=== Records from a data collection ===
————

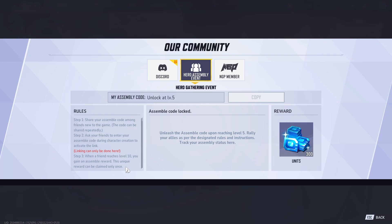When your friend reaches level 10, you will both benefit. You will receive a special reward of 30 units. Keep in mind this unique reward can only be claimed once per friend.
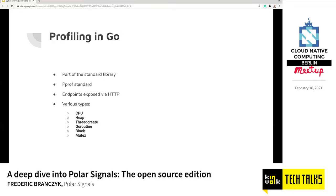Go has profiling built into the runtime. Sometimes this is not the case with some languages where profilers are an add-on, but in Go it comes as part of the standard library. What that also means is that it uses a standard that was created by Google. PPROF is essentially just the file format that a PPROF profile is saved in, and these are just served by HTTP endpoints in Go — all done through the Go standard library.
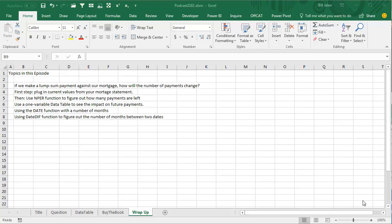And then there at the end, use the date function, with the number of months to go out from today, figure out what the payoff is, and then DateDiff, DateDiff to figure out the number of months between two dates.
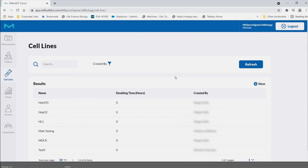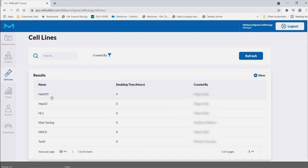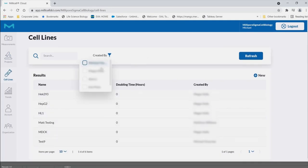Cell lines. Here, all cell lines can be searched according to the cell line name or creator.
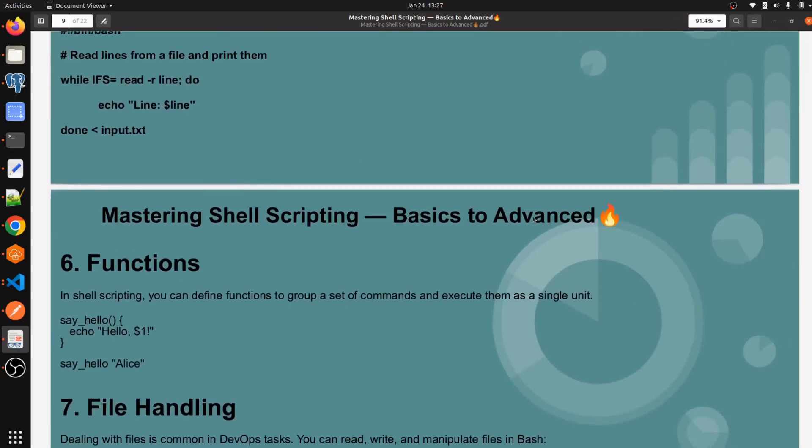Hello everyone, welcome to my channel World of AWS, I hope you all are doing good. We are continuing with shell scripting tutorial for DevOps, and in the last video we have seen about a while loop — how we can define a while loop and the ways to define it in shell script.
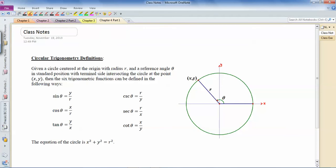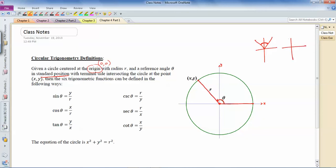We've got a circle centered at the origin — centered at (0, 0) — the radius is r, and we've got this reference angle theta, which might be in degrees or radians. It's in standard position, which means you measure the angle from a horizontal line going in the positive x-direction, sitting on the origin, and rotate counterclockwise to wherever you want to end the angle.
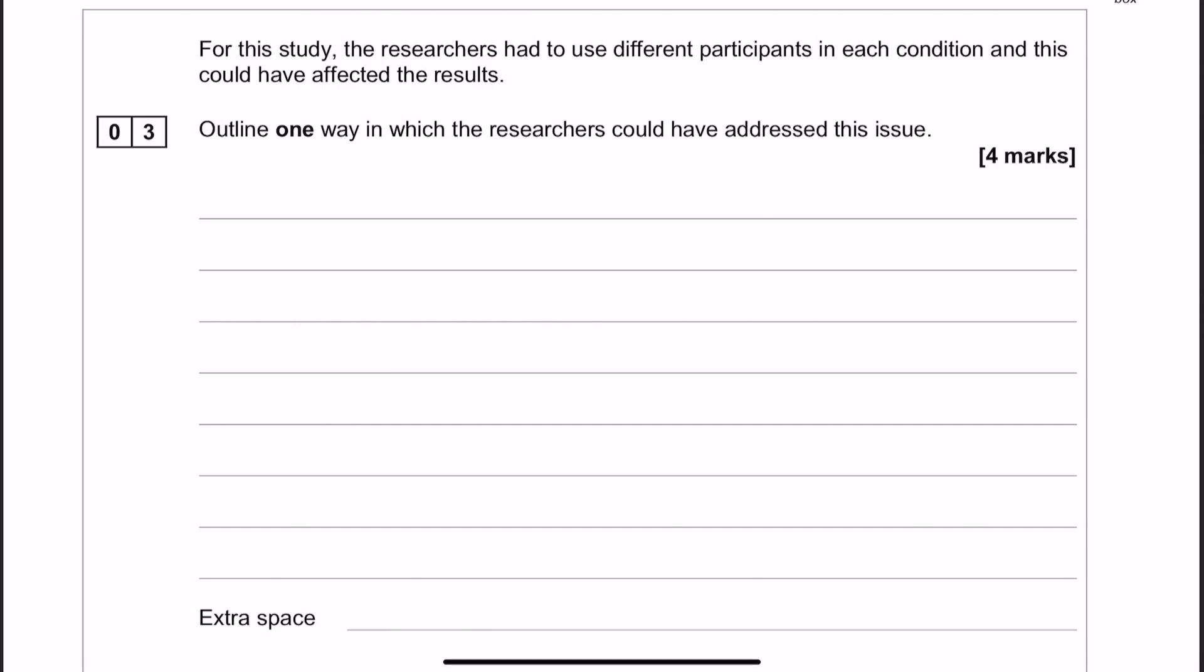Okay, so in question number three they tell us about how there are different people in each condition which could impact the results of the studies. So the researchers are basically worried about participant variables, which is always a concern if you're doing an independent groups design.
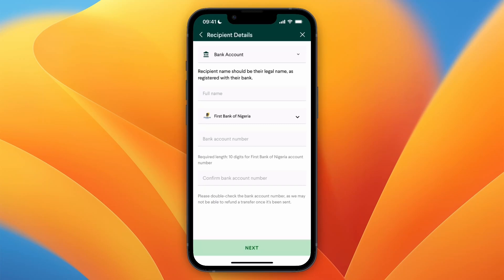So now you know how to use TapTapSend to send money to Nigeria. If this video was helpful, please consider leaving a like and subscribing to my channel. And with that being said, I will see you in the next video.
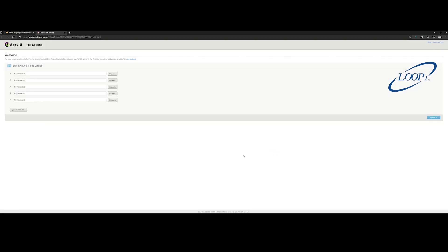Click Browse on the first line and select your Diagnostics file. You should now see your diagnostic zip file listed in the text field. Once confirmed, click the Upload button in the bottom right of the window.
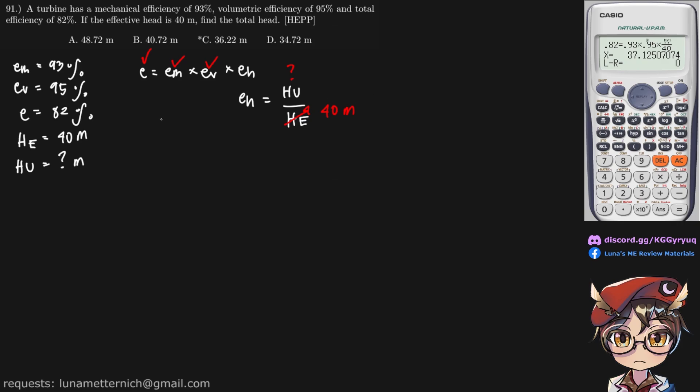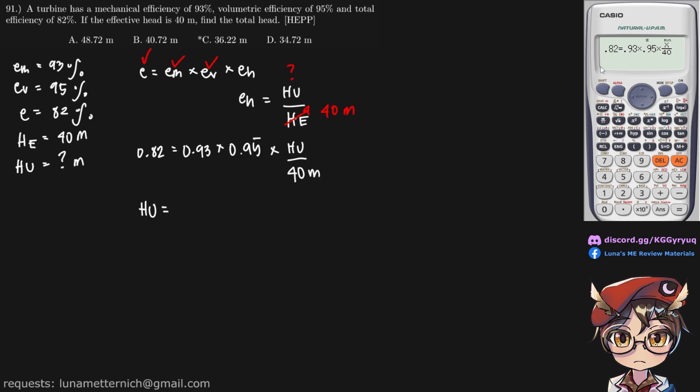So let's write that down. And if we put that in our calculator, you can see I already have it here, SHIFT SOLVE, we get a total head of 37.13 meters.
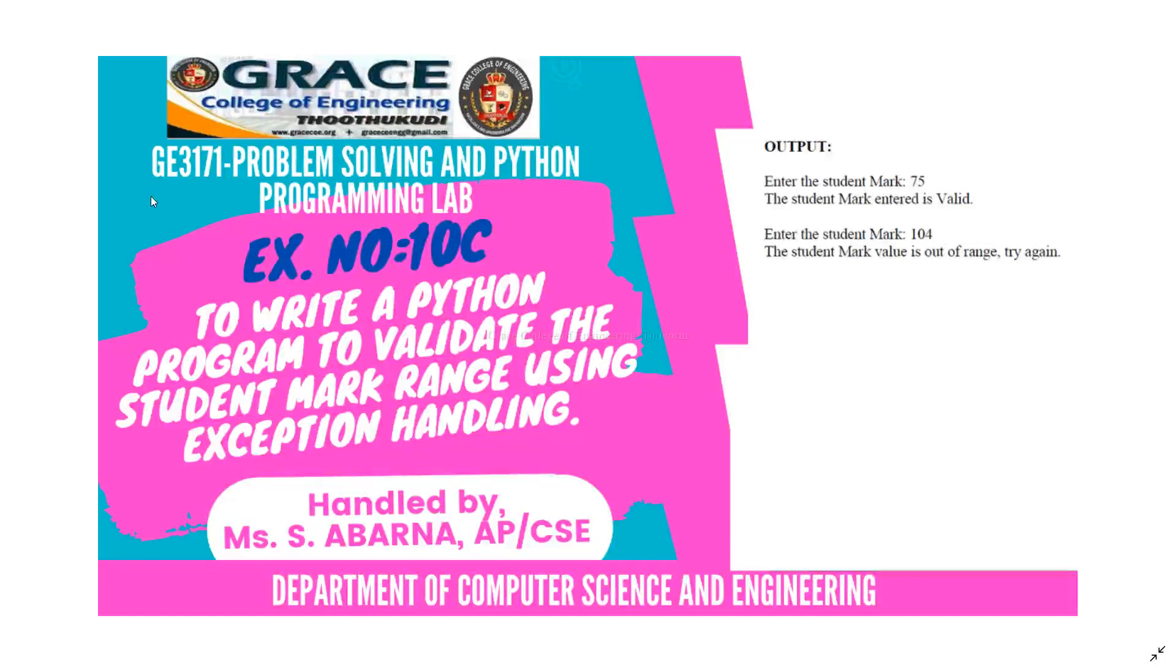In this video, we are going to discuss VE3171 Problem Solving and Python Programming Laboratory, exercise number 10C.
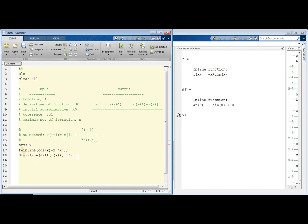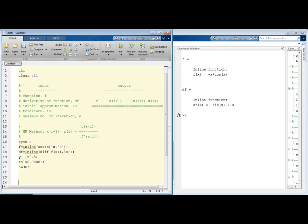Next we will define our initial approximation. I will generate all the approximated roots in an array — I will name this array y — and the first element of this array will be our initial approximation. Since it is just a guess we can put any arbitrary value; I'll put 0.5. For tolerance I will define it as 0.0001, which is basically 10 to the power minus 5. Our maximum number of iterations will be 30 — you can assign any value, but it's always better to define it as at least 20 or more.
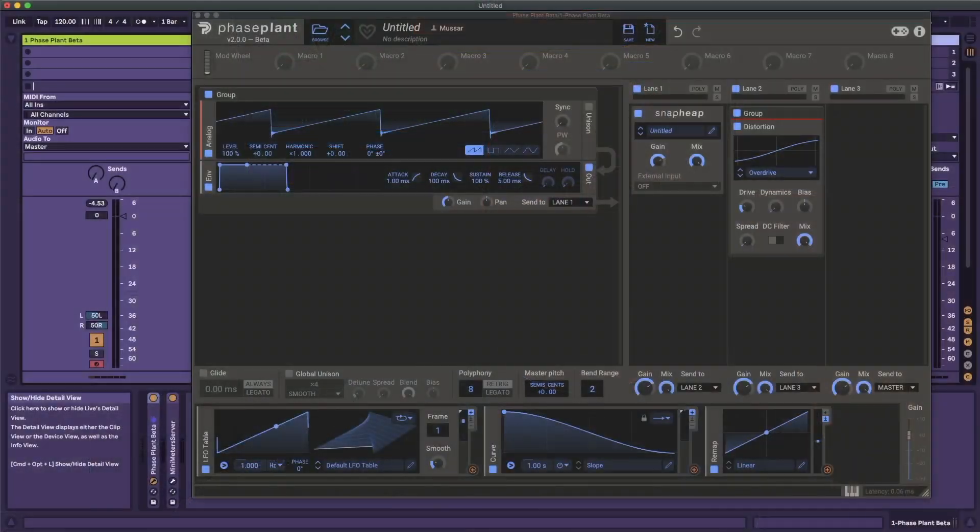Hi there. This is the companion video to the shorter Kilohertz 2.0 update video that I posted. This is going to be a lot less scripted, just kind of me going over the new features. I assume that you've watched that video if you're watching this one, so if you haven't, go watch that one because I'm not going to be going over all of the new features, just the things that I think are most important to talk about.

————

=== WORK ITEM ===
Every record must be copied exactly, with the pictures left out.

=== REPLY TO THE EXERCISE ===
When your friend reaches level 10, you will both benefit. You will receive a special reward of 30 units. Keep in mind this unique reward can only be claimed once per friend.
Go has profiling built into the runtime. Sometimes this is not the case with some languages where profilers are an add-on, but in Go it comes as part of the standard library. What that also means is that it uses a standard that was created by Google. PPROF is essentially just the file format that a PPROF profile is saved in, and these are just served by HTTP endpoints in Go — all done through the Go standard library.
And then there at the end, use the date function, with the number of months to go out from today, figure out what the payoff is, and then DateDiff, DateDiff to figure out the number of months between two dates.
Cell lines. Here, all cell lines can be searched according to the cell line name or creator.
Hello everyone, welcome to my channel World of AWS, I hope you all are doing good. We are continuing with shell scripting tutorial for DevOps, and in the last video we have seen about a while loop — how we can define a while loop and the ways to define it in shell script.
We've got a circle centered at the origin — centered at (0, 0) — the radius is r, and we've got this reference angle theta, which might be in degrees or radians. It's in standard position, which means you measure the angle from a horizontal line going in the positive x-direction, sitting on the origin, and rotate counterclockwise to wherever you want to end the angle.
Okay, so in question number three they tell us about how there are different people in each condition which could impact the results of the studies. So the researchers are basically worried about participant variables, which is always a concern if you're doing an independent groups design.
So now you know how to use TapTapSend to send money to Nigeria. If this video was helpful, please consider leaving a like and subscribing to my channel. And with that being said, I will see you in the next video.
Click Browse on the first line and select your Diagnostics file. You should now see your diagnostic zip file listed in the text field. Once confirmed, click the Upload button in the bottom right of the window.
So let's write that down. And if we put that in our calculator, you can see I already have it here, SHIFT SOLVE, we get a total head of 37.13 meters.
In this video, we are going to discuss VE3171 Problem Solving and Python Programming Laboratory, exercise number 10C.
Next we will define our initial approximation. I will generate all the approximated roots in an array — I will name this array y — and the first element of this array will be our initial approximation. Since it is just a guess we can put any arbitrary value; I'll put 0.5. For tolerance I will define it as 0.0001, which is basically 10 to the power minus 5. Our maximum number of iterations will be 30 — you can assign any value, but it's always better to define it as at least 20 or more.
Hi there. This is the companion video to the shorter Kilohertz 2.0 update video that I posted. This is going to be a lot less scripted, just kind of me going over the new features. I assume that you've watched that video if you're watching this one, so if you haven't, go watch that one because I'm not going to be going over all of the new features, just the things that I think are most important to talk about.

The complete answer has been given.